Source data
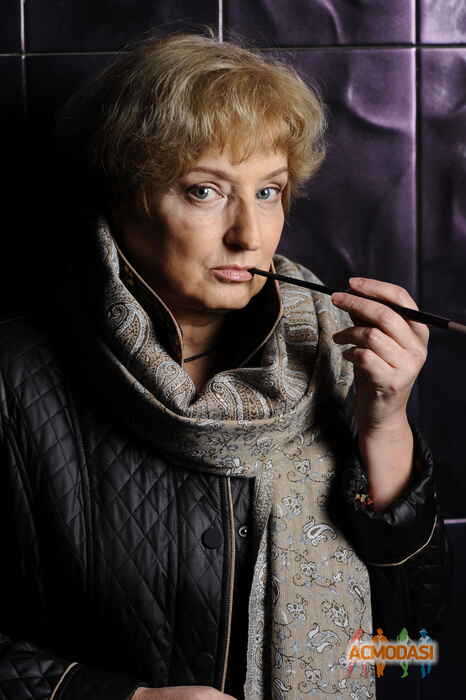 Елена  Маркосян фото №1058602. Завантажено 25 Травня 2017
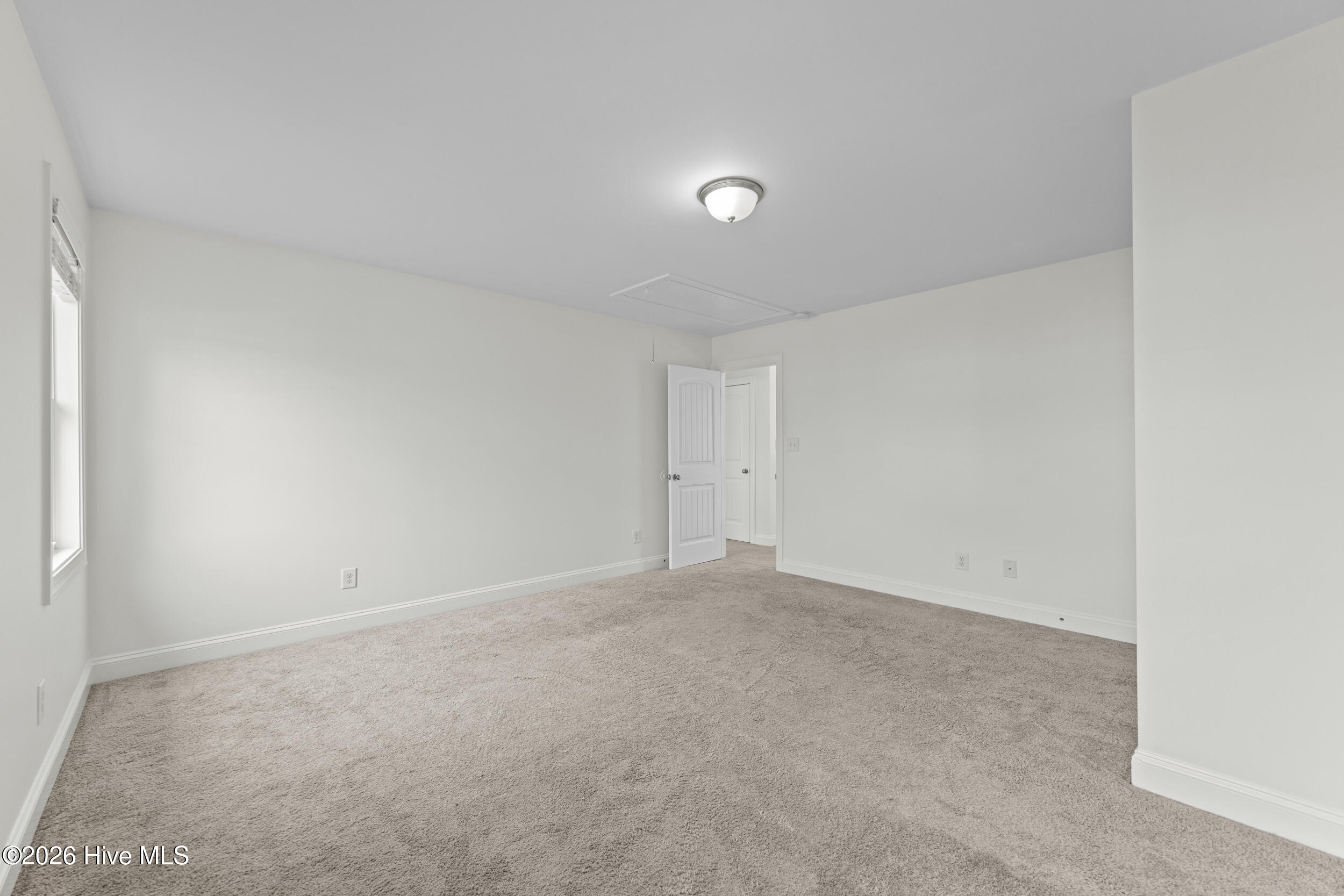 524 Sonoma Road Property Photo 29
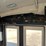 2016-chevrolet-express-paratransit-bus-image-27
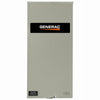 Hardware Store USA | 200A Transfer Switch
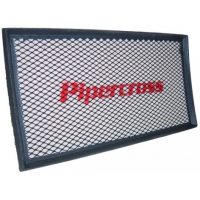 Ford Focus Mk 1 2.0 16v ST170 Pipercross Panel Filter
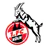 FC Cologne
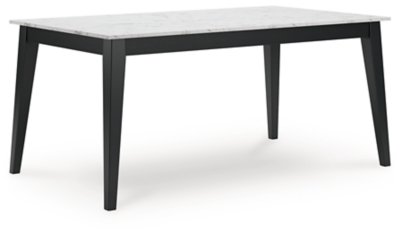 Jettaya Dining Table - Image 3
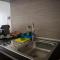 Concept Suites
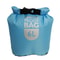 Waterproof Dry Bag For Swimming Kayaking And Camping Lightweight Floating Sack For Outdoor Adventur 7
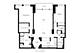 1335 S Prairie Unit 1702, Chicago, IL 60605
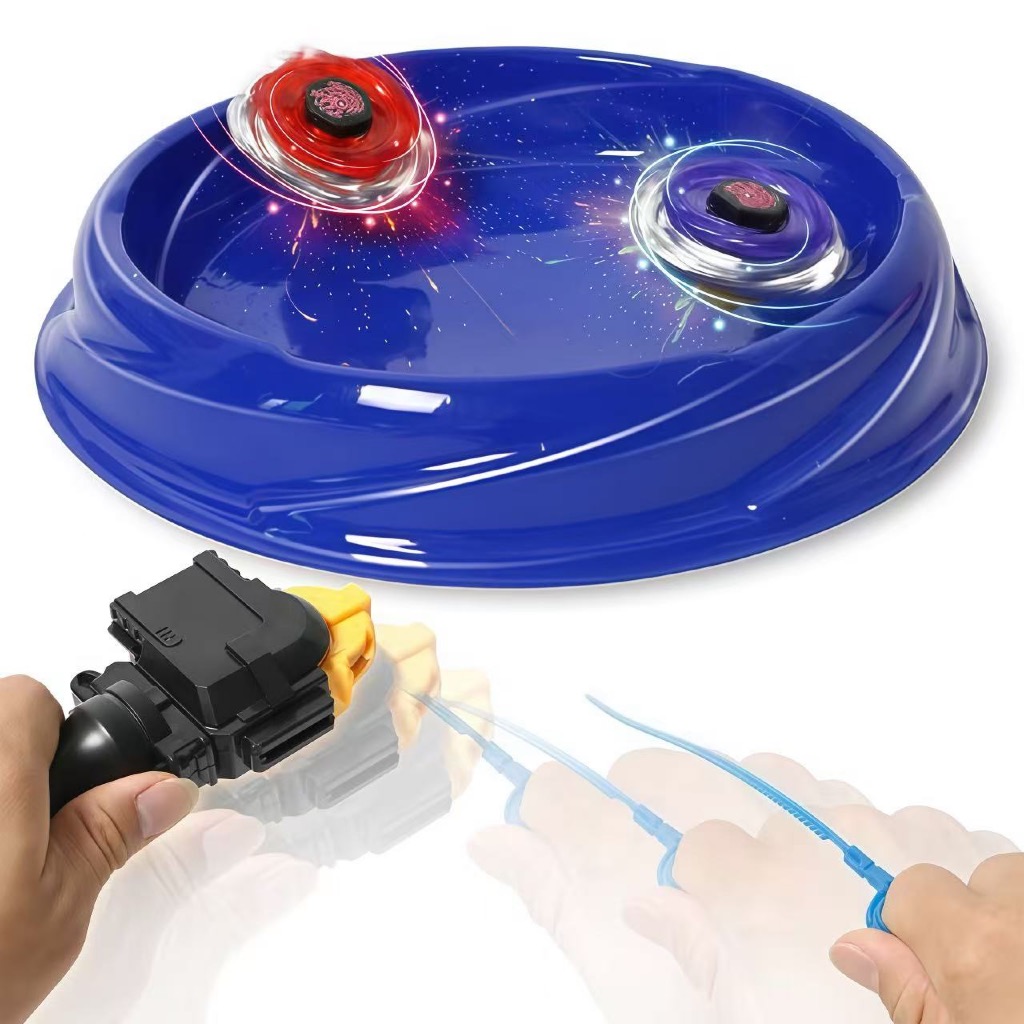 Beyblade em Oferta | Shopee 2026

#### Activity:
Reproduce each entry word for word and cut the images.

#### Expected answer:
 Елена  Маркосян фото №1058602. Завантажено 25 Травня 2017
 524 Sonoma Road Property Photo 29
 2016-chevrolet-express-paratransit-bus-image-27
 Hardware Store USA | 200A Transfer Switch
 Ford Focus Mk 1 2.0 16v ST170 Pipercross Panel Filter
 FC Cologne
 Jettaya Dining Table - Image 3
 Concept Suites
 Waterproof Dry Bag For Swimming Kayaking And Camping Lightweight Floating Sack For Outdoor Adventur 7
 1335 S Prairie Unit 1702, Chicago, IL 60605
 Beyblade em Oferta | Shopee 2026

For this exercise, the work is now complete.